Peter stresses the 'new birth' that characterises God's Church. For you have been born again, not of perishable seed, but of imperishable, through the living and enduring word of God. God has given the people a new birth into a living hope and the church awaits the salvation that is ready to be revealed in the last time. Still there is a long journey before we are vindicated as God's Church. Therefore, Peter admonishes, 'Since you call on a Father who judges each person's work impartially, live out your time as foreigners here in reverent fear'. Therefore, the genuineness of the faith has to be tested by various trials and the result of our faith will be known at the end. Now that you have purified yourselves by obeying the truth so that you have sincere love for each other, love one another deeply, from the heart.

The church is a worldwide brotherhood (5:9; cf. 2:17) and so love the family of believers because love covers the multitude of sins. Live as God's slaves and abstain from sinful desires. Once you were no people and now you have returned to the Shepherd and Overseer (episcopos) of your souls. Hence do not join the pagans in reckless and wild living. If anyone speaks, they should do so as one who speaks the very words of God. If anyone serves, they should do so with the strength God provides, so that in all things God may be praised through Jesus Christ. To him be the glory and the power for ever and ever. Amen.

Babel Rhetoric: "Let us make a Name for Ourselves"

Which is God's Church? Are the bishops building a monument to themselves, to call attention to their abilities and achievements centred on the Archbishop of Canterbury and the General Secretary? Do they want to make a name for themselves to preserve unity around them so that the tower they build reaches heaven? 'God's Church' cannot be projected in terms of place, persons, geography or institution. 'God' cannot be pushed and pulled according to our agenda and it is Christ who is on the throne.

In none of his writings did Paul refer to the Church of God in terms of a denominational category (Acts 20: 28; I Cor. 10: 12; I Cor. 11: 22; I Cor. 15: 9; Gal. 1: 12).

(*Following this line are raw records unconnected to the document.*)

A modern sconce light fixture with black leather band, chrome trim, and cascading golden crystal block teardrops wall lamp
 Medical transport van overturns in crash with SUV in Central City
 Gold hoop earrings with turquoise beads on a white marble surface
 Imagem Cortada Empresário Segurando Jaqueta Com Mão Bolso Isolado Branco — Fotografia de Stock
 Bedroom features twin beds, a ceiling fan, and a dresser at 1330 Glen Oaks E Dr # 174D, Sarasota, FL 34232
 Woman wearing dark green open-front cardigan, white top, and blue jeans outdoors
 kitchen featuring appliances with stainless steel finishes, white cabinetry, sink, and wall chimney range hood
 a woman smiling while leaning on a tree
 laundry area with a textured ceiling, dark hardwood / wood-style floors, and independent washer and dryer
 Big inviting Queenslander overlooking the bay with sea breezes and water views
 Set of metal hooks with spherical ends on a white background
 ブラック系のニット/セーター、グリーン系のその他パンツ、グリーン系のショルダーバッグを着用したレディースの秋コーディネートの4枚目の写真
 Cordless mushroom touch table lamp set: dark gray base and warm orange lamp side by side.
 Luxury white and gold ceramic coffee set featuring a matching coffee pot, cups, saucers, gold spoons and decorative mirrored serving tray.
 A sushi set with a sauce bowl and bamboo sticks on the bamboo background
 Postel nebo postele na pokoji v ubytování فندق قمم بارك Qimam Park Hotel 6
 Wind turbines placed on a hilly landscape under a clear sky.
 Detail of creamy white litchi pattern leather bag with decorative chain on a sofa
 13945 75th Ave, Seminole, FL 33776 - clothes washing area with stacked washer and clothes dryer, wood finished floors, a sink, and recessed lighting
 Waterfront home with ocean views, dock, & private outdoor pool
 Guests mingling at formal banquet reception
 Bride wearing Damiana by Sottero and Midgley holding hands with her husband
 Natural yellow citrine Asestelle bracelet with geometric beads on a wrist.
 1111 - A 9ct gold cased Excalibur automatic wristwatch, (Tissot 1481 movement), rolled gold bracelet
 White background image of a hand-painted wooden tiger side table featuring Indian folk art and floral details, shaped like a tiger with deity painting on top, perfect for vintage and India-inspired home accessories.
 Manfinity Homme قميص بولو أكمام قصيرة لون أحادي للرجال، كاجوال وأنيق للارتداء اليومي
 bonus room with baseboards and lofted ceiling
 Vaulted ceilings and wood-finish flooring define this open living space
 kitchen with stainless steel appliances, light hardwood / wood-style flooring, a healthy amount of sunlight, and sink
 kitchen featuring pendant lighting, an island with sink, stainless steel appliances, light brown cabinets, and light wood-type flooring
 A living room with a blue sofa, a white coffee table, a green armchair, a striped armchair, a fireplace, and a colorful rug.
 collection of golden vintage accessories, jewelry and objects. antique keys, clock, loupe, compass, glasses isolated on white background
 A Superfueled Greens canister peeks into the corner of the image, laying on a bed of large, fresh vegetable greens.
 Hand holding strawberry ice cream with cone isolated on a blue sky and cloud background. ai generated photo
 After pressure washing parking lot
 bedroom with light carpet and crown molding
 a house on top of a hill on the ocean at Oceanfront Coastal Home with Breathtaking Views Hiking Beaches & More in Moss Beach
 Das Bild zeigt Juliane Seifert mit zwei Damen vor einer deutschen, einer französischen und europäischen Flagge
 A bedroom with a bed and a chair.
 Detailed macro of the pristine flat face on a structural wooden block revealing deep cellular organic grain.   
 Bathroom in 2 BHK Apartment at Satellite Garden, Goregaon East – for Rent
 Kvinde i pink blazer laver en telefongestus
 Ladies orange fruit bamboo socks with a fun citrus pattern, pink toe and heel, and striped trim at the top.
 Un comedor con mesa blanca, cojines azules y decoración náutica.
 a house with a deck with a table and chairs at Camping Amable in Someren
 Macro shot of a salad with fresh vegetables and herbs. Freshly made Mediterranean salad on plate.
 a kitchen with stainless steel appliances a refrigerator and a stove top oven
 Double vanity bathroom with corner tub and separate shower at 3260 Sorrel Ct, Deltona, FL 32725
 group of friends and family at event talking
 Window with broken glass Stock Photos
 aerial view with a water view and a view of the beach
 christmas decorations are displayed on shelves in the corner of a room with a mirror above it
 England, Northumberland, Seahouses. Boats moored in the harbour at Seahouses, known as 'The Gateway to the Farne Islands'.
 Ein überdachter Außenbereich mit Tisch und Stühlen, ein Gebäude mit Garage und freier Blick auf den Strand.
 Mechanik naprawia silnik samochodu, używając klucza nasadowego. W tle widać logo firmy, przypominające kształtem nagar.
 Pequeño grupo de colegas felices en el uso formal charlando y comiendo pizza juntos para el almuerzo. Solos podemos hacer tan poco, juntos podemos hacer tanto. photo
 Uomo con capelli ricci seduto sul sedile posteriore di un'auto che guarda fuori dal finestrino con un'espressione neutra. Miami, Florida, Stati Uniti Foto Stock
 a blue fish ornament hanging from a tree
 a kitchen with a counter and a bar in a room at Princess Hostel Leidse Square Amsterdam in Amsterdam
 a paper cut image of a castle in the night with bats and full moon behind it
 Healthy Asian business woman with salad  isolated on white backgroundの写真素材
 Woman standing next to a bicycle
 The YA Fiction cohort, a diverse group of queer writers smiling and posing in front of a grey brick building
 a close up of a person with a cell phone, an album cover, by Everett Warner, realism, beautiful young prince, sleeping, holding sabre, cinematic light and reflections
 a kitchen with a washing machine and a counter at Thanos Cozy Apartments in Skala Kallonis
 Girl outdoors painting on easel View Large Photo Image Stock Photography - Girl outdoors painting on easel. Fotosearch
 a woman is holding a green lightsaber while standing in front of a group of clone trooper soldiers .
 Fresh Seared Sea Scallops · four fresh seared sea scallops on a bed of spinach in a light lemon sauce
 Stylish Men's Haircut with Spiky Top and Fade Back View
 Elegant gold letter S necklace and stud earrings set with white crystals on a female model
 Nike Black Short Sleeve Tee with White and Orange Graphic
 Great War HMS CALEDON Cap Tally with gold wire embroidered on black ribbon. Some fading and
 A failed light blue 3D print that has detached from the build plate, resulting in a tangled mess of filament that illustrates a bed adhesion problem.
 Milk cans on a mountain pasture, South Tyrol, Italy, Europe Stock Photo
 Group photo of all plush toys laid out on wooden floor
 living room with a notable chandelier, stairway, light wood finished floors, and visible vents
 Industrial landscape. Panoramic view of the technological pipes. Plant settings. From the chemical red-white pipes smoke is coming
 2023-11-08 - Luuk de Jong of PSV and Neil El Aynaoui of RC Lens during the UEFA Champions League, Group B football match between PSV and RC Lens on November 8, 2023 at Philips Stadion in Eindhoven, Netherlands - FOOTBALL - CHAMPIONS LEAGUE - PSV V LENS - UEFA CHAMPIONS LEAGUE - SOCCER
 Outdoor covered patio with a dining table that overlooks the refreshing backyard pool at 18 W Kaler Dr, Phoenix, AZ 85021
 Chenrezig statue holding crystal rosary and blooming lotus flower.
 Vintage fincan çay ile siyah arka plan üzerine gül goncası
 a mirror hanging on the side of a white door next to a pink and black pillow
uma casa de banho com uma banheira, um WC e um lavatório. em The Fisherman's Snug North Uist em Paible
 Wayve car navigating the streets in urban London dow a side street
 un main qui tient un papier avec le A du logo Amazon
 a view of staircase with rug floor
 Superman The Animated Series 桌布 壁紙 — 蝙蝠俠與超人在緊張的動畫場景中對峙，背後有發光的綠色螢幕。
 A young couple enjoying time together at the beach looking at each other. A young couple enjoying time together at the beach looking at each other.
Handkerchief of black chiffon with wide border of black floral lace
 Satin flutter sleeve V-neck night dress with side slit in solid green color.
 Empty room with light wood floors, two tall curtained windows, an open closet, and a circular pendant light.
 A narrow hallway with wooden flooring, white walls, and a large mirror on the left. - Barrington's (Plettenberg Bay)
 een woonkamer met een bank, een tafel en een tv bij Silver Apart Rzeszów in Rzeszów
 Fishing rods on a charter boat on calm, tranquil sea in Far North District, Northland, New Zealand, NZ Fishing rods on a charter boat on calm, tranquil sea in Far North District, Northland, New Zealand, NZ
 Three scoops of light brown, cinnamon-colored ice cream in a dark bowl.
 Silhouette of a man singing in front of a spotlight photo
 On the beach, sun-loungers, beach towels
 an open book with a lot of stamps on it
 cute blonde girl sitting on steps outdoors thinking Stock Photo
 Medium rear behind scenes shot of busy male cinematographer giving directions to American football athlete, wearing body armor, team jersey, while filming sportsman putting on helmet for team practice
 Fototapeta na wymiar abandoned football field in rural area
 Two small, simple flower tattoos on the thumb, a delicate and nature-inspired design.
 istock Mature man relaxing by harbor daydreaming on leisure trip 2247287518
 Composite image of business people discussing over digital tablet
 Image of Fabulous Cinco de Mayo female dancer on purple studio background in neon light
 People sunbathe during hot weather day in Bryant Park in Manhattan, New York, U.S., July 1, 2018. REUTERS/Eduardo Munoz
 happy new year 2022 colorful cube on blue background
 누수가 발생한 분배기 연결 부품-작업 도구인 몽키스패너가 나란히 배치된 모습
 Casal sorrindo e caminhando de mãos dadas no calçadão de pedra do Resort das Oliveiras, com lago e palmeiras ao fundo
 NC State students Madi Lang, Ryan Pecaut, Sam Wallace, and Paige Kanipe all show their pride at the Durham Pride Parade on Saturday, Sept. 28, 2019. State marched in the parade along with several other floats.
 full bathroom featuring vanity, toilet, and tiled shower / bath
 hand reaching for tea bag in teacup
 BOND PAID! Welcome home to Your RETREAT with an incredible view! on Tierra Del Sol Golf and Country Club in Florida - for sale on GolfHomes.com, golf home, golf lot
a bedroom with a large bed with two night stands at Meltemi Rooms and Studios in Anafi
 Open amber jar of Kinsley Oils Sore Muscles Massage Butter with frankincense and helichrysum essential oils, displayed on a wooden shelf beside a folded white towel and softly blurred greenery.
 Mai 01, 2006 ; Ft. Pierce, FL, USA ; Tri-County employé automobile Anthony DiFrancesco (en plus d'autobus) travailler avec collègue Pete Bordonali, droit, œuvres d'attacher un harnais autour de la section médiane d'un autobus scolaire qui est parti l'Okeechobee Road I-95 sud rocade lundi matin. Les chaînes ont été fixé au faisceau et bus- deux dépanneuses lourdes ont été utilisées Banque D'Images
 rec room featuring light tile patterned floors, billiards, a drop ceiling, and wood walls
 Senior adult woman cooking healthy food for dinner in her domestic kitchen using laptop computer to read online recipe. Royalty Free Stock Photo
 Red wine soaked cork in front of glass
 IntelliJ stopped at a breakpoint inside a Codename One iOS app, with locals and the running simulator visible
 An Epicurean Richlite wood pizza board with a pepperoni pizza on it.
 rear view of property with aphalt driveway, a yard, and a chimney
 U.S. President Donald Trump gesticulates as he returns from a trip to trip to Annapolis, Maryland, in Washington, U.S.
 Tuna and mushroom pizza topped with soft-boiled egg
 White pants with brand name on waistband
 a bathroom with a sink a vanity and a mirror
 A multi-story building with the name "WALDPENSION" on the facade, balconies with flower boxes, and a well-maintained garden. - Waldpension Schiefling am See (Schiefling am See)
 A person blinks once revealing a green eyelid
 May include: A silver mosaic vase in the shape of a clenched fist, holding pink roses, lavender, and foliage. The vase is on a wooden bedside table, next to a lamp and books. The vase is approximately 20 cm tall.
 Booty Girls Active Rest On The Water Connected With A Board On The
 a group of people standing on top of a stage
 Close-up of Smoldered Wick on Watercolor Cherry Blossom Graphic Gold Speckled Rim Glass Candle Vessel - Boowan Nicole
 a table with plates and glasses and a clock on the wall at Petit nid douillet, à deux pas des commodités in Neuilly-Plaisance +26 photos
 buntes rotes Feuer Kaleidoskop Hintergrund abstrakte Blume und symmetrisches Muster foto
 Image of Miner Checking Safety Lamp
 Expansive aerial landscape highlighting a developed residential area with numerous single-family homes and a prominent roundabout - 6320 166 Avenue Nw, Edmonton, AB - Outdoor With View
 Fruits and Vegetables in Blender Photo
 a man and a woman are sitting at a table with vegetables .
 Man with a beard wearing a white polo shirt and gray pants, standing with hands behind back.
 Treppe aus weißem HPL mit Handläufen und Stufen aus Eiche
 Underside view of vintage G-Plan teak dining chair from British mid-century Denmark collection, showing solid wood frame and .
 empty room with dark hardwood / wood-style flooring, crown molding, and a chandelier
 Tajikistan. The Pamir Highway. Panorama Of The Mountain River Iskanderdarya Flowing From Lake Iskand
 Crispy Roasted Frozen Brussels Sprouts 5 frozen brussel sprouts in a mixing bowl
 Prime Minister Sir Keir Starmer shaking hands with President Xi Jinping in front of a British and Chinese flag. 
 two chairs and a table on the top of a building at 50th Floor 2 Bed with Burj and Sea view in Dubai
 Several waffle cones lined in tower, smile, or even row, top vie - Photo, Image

Neither is the Church of God was identified in the NT by the name of human leaders or by a set of teaching. I see in the declaration, God's Church for God's world an attitude of pride though words of humility are often expressed. The pride is delusional believing that you speak for God and that God is yours. It is a folly to attempt to reach God through earthly power and authority. Institutional attributes should not elevate themselves above the directions set by the Word of God.

The Rev. Dr. Muthuraj, is a former member of St. John's College, Durham and a graduate of the University of Durham, UK. Through his publications, he has been established as a CSI historian who currently writes on the relationship between the united churches and the Anglican Communion. He has been one of the strongest voices in the global theological communion appealing for a renewal of Episcopacy to bring an end to the corruption in the Church of South India.